_The data_:

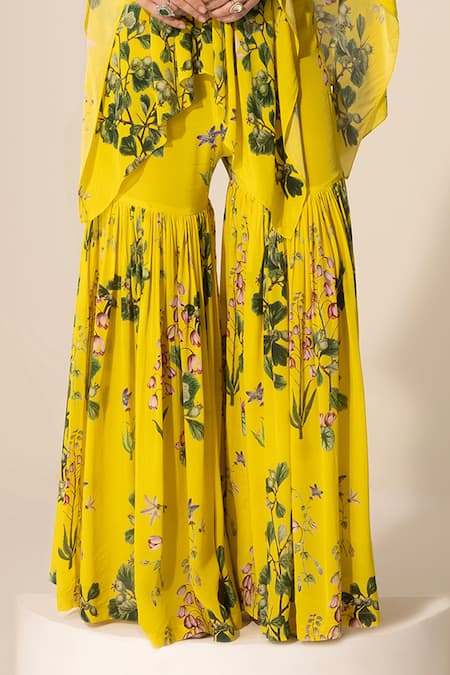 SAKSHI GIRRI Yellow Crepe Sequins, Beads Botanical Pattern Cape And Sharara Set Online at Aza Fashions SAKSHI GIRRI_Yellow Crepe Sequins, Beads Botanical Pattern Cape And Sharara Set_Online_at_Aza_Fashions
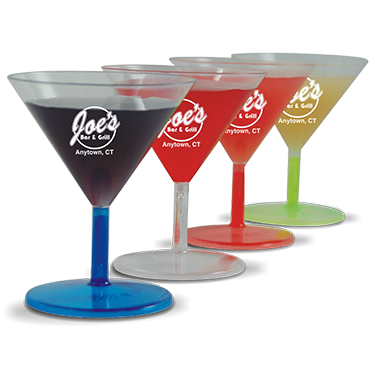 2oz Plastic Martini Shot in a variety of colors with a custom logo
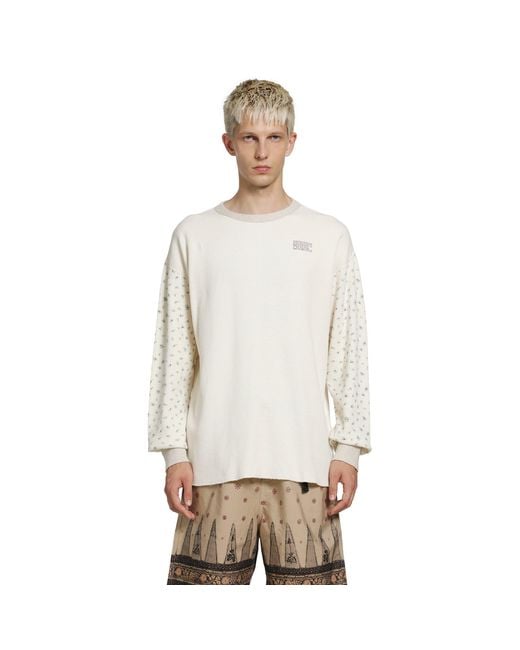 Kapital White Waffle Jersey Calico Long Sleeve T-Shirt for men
* * *
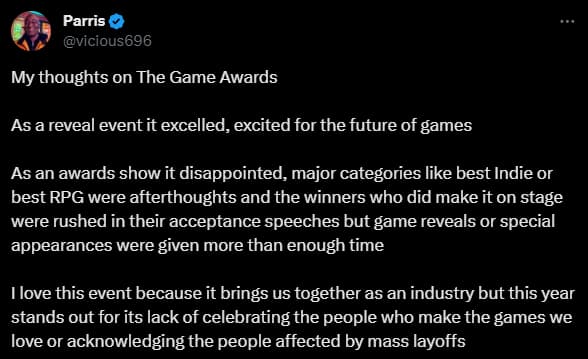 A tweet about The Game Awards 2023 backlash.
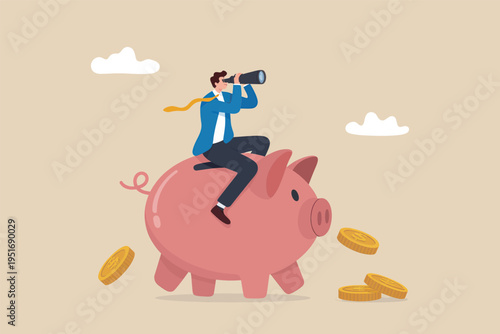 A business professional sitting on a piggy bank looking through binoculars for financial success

_What this task involves_: Exactly the lines above from the one that contains "2oz Plastic Martini" down to the one that contains "Kapital White Waffle" are to be output, both ends kept and pictures omitted.

_Solution to this task_:
 2oz Plastic Martini Shot in a variety of colors with a custom logo
 Kapital White Waffle Jersey Calico Long Sleeve T-Shirt for men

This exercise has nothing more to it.